Shidq dalam niat dan kehendak
Shidq
dalam niat dan kehendak dikembalikan pada keikhlasan. Artinya, tidak ada
motivasi dalam gerak atau diamnya selain karena Allah SWT. Jika niat seperti
itu disertai dengan keinginan-keinginan nafsu, niscaya kejujurannya menjadi
batal (hilang).
3.
Shidqul ‘azm (Tekad yang benar)
Yaitu
semangat yang kuat tidak ada kecenderungan lain, tidak melemah dan tidak
ragu-ragu, sebagaimana firman Allah SWT dalam salah satu firman-Nya (Q.S.
Muhammad: 21).
4.
Shidq dalam menepati janji
Sebagaimana
firman Allah SWT (Q.S. Al-Ahzab: 23).
5.
Shidq dalam bekerja
Artinya
hendaklah bersungguh-sungguh dalam beramal sehingga apa yang tampak dalam
perbuatannya adalah apa yang ada dalam hatinya. Barangsiapa memberi nasihat
kepada orang lain dengan tutur kata yang baik, tetapi batinnya menginginkan agar
ia dikatakan sebagai orang yang alim, ia telah berbohong dengan perilakunya.
II.
SHABR (Sabar)
Shabr
adalah merupakan akhlak qurani yang paling menonjol dan sangat diperhatikan
oleh kitab Allah SWT yang mulia. Ia merupakan akhlak yang banyak di ulang-ulang
dalam Al-qur’an, karena tidak ada keimanan bagi seseorang tanpa kesabaran
padanya. Kalaupun masih ada, dia adalah keimanan yang lemah. Mereka tergolong
orang-orang yang beribadah kepada Allah dengan berada di tepi, jika memperoleh
kebajikan ia tetap dalam keadaan itu, namun jika di timpa suatu bencana.
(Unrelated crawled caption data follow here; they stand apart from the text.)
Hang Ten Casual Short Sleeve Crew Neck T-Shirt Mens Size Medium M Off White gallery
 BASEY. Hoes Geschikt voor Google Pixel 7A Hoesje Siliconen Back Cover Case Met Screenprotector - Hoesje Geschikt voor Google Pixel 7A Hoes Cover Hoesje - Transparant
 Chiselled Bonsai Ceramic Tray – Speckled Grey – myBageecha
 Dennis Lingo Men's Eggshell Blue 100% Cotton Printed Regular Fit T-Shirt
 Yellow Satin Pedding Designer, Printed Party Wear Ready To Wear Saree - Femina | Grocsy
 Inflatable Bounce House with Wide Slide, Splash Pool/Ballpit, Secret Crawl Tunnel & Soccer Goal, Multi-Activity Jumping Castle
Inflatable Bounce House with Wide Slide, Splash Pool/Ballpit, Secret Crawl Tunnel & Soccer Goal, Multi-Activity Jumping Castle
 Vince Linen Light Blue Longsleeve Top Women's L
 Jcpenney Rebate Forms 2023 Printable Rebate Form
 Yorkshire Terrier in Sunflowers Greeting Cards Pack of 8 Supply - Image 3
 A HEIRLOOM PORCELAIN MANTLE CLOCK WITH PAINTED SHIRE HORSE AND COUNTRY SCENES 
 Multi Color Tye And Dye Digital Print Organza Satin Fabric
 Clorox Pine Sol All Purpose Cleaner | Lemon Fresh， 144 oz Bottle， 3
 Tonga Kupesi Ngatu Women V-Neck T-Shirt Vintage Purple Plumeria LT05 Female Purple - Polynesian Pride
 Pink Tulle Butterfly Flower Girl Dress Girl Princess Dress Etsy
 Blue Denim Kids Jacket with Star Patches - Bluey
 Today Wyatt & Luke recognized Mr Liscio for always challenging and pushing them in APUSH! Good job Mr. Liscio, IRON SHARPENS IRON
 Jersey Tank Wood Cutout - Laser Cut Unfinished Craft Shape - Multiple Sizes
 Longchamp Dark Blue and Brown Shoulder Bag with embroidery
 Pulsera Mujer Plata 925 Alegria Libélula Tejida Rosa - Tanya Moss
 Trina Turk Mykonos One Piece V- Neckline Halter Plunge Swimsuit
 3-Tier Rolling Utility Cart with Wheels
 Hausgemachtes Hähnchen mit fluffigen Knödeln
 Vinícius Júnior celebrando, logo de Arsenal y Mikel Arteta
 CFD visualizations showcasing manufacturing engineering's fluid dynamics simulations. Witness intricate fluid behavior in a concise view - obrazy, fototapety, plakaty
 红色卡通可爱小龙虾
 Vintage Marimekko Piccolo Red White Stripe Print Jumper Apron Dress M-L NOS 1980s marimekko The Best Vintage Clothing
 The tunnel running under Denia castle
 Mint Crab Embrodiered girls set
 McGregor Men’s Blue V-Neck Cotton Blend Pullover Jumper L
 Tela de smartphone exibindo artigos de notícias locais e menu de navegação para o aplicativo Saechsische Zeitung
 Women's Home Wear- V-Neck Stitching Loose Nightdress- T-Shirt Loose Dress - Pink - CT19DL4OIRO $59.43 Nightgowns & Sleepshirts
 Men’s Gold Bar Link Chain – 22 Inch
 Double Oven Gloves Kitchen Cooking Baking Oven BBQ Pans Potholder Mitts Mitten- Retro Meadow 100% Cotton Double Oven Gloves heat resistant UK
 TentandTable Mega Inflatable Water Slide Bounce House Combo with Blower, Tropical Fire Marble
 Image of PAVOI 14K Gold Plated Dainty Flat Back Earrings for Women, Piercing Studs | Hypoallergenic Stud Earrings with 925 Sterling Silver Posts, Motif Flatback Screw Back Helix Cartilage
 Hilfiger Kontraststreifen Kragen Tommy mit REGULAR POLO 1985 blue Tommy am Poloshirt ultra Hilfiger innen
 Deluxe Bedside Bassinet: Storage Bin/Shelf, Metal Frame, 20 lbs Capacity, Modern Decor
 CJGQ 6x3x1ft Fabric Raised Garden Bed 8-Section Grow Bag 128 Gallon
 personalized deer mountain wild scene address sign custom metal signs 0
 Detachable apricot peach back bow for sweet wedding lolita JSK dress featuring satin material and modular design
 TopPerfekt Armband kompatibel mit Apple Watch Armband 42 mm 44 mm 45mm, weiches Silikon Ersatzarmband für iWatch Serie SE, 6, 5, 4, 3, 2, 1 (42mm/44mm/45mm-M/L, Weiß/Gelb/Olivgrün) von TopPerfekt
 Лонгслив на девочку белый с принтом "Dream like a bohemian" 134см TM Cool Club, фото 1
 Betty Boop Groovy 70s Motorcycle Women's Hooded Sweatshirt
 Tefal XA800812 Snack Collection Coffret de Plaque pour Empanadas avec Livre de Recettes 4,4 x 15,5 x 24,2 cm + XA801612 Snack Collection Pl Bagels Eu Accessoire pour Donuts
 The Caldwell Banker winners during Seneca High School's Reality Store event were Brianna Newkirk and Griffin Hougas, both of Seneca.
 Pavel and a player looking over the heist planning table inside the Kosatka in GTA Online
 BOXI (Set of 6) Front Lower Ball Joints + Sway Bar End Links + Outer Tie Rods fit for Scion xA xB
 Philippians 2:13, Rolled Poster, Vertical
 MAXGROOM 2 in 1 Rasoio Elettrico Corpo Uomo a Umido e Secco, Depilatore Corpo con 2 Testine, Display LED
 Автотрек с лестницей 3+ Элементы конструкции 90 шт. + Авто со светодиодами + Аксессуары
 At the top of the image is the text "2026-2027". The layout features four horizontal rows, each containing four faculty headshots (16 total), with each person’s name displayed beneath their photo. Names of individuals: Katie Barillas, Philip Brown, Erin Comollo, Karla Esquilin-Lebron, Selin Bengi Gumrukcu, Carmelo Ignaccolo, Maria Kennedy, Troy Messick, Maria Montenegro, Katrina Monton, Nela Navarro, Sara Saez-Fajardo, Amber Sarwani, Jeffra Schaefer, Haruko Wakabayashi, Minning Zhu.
Berbaliklah ia kebelakang. Rugilah orang seperti ini, di dunia dan di akhirat.
Oleh karena itu, Rasulullah saw. memasukkan shabr sebagai separuh iman.
Sesungguhnya iman itu yang separuh adalah syukur dan separuh lagi adalah shabr.
Sebagaimana dikatakan oleh Imam Ibnul Qayyim, “Inti kebahagiaan itu ada 3:
1.
Apabila mendapat nikmat ia bersyukur
2.
Apabila di uji ia shabr
3.
Dan apabila ia berbuat dosa maka beristigfar
Shabr tidak
bisa dicapai kecuali dengan 3 hal:
1.
Menahan diri dari mengeluh
2.
Menahan lisan dari perkataan kotor dan mengadu domba
3.
Menahan anggota badan dari perbuatan zalim
Dengan
itu seorang muslim merasa mulia dan bersih hatinya, seakan ia terbang ke langit
bersama para malaikat Allah SWT yang mulia. Qatadah r.a. berkata, “Allah SWT
telah menciptakan pada malaikat itu akal dan tidak ada padanya syahwat,
menciptakan pada binatang syahwat tanpa menyertakan akal, dan menciptakan pada
manusia akal sekaligus syahwat. Barangsiapa yang akalnya bisa mengalahkan
syahwatnya, ia bersama malaikat. Barangsiapa syahwatnya mengalahkan akalnya,
tidak ada bedanya dengan binatang.”
Hal
itu karena keselamatan manusia tidak mungkin bisa di capai, kecuali apabila ia
menyempurnakan diri dengan iman dan amal shalih, kemudian menyempurnakan yang
lainnya dengan memberi nasihat dan pengarahan. Dengan demikian ia telah
menggabung antara hak Allah SWT dan hak manusia.
III.
AR-RAHMAH (Penyayang)
Seorang
da’I wajib mengetahui bahwa risalah yang di embannya untuk seluruh manusia ini
adalah risalah rahmah atau kasih sayang, sebagaimana ditegaskan dalam Al-qur’an
yang ditujukan kepada Rasulullah saw (Q.S. Al-Anbiya’: 107).
Rahmah
(kasih sayang) itu meliputi kasih sayang dalam aqidah, syari’at, dan akhlak.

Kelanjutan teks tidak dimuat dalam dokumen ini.